The 2x6 method would also work, but will be more money and more labor time for minimal thermal gains.


----------



## Evstarr (Nov 15, 2011)

How about option 1 and fill the void with spray foam?


----------



## AGWhitehouse (Jul 1, 2011)

Evstarr said:


> How about option 1 and fill the void with spray foam?

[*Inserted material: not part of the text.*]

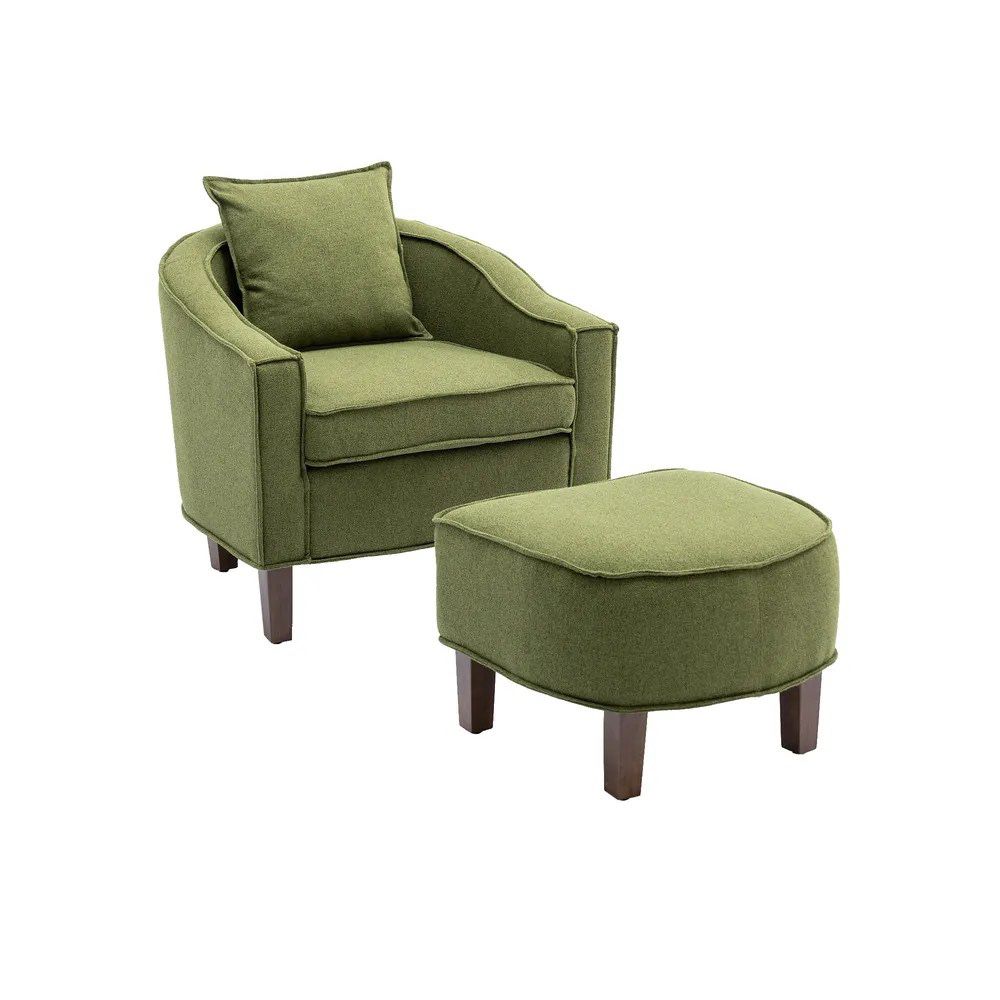 Accent Chair with Ottoman – Mid Century Modern Barrel Chair for Living Room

No real need for it there and there is no backing to contain it upon expansion. The 2x6 rafter will have a 4" batt. in it already per that detail, so cutting the batt to the length/angle/etc. to accomodate the void would suffice.


----------



## Gary in WA (Mar 11, 2009)

I've always framed knee walls as Option 2, the drywall doesn't require fastening to the top plate unless a special shear/fire wall. Check with your local AHJ. Be sure to air-seal the joint at bottom plate/drywall/floor, per minimum Code.

Gary


----------



## Lascaux (Apr 17, 2012)

GBR in WA said:


> I've always framed knee walls as Option 2, the drywall doesn't require fastening to the top plate unless a special shear/fire wall. Check with your local AHJ. Be sure to air-seal the joint at bottom plate/drywall/floor, per minimum Code.
> 
> Gary


Wouldn't one also want to air seal at the top, in order to completely enclose the cavity? It seems to me that option 2 is the least preferable because it delivers the smallest contact surface and therefore the most potential for air leakage both at construction and if later shifting occurs.


----------



## Gary in WA (Mar 11, 2009)

I have ripped plates at an angle to fill the front top gap before (similar to 3). My reasoning is the rafters (roof) are directly tied to the studs/plates (wall) with less chance of drywall tape cracking at that joint when the roof flexes with the changing seasons/wind pressures. Solid framing holding the joint rather than paper tape.... You should also caulk the ceiling/wall drywall joint (at drywall install) to help as in ADA: http://www.buildingscience.com/documents/information-sheets/air-barriers-airtight-drywall-approach/

Be especially careful at any electrical outlets and use a foam pad there, that 1/8" hole around it is about 1-1/2" square; Fig. 4; http://www.buildingscience.com/documents/information-sheets/air-barriers-airtight-drywall-approach/
Any moisture in the wall would dry to the room side without a vapor barrier (not needed because of f.b. keeping cavity warm), but why let it in anyway?

Gary


----------